Réaliser tout ce travail comme celui que nous venons de faire sans cette analyse critique, correspondrait à la construction d'une maison sans faire le toit. C'est dans ce sens qu'il convient de comprendre que ce chapitre occupe une place importante dans ce travail. C'est le lieu pour nous de dégager notre compréhension du chemin parcouru par la Guinée dans la voie de la modernisation politique en général et particulièrement de la démocratisation. Ainsi dans cette analyse, il ne s'agira pas de revenir sur un bilan généralement négatif mais révéler dans une réflexion plus approfondie les causes profondes de ce bilan. C'est ce que nous appelleront les grandes leçons de l'expérience guinéenne de démocratisation (Section 1). C'est à la suite que nous essayerons de faire une lecture de la nouvelle constitution guinéenne (section 2) afin de comprendre si le nouveau départ pris par la Guinée tient compte de ces leçons du passé que nous considérons comme lois au sens sociologique du terme.

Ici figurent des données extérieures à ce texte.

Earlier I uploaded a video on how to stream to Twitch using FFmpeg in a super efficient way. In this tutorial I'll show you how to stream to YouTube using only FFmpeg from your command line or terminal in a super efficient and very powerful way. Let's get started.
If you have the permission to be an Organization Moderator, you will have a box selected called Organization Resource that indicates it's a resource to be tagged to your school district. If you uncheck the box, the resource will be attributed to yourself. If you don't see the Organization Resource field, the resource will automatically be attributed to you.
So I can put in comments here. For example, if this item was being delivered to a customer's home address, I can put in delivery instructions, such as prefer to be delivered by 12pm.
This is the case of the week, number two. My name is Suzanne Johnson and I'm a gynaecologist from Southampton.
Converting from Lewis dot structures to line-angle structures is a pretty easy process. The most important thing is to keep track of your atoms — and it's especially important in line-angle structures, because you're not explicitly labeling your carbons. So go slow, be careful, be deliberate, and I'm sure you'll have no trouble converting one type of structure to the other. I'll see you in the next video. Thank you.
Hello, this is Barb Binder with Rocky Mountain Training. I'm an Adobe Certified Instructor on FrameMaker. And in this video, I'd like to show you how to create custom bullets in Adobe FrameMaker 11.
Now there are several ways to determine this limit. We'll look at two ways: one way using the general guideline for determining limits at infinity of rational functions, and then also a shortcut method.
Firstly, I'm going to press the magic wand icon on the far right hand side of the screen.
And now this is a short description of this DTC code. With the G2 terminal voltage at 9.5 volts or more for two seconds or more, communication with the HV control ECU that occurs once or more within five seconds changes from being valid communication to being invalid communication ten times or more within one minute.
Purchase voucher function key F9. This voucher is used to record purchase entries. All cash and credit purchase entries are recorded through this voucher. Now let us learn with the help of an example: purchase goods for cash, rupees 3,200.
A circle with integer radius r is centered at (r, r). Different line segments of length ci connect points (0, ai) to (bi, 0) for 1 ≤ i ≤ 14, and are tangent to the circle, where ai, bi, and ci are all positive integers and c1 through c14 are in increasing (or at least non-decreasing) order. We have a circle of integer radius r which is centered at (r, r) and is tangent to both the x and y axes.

SECTION1 : LES GRANDES LEÇONS DE L'EXPERIENCE GUINEENNE : les raisons fondamentales d'un échec

Après ce profond exposé, bien sûr non exhaustif, de l'expérience guinéenne de démocratisation, nous sommes arrivés sans doute à dénicher les raisons fondamentales de l'échec de la démocratisation en Guinée. Nous les distinguerons en premier lieu dans le cadre de la philosophie politique où nous parlerons de conflits de systèmes d'idées (Paragraphe1), et, dans les domaines de sociologie politique (la question de la nation et de l'ethnie) et de la transitologie (paragramme2).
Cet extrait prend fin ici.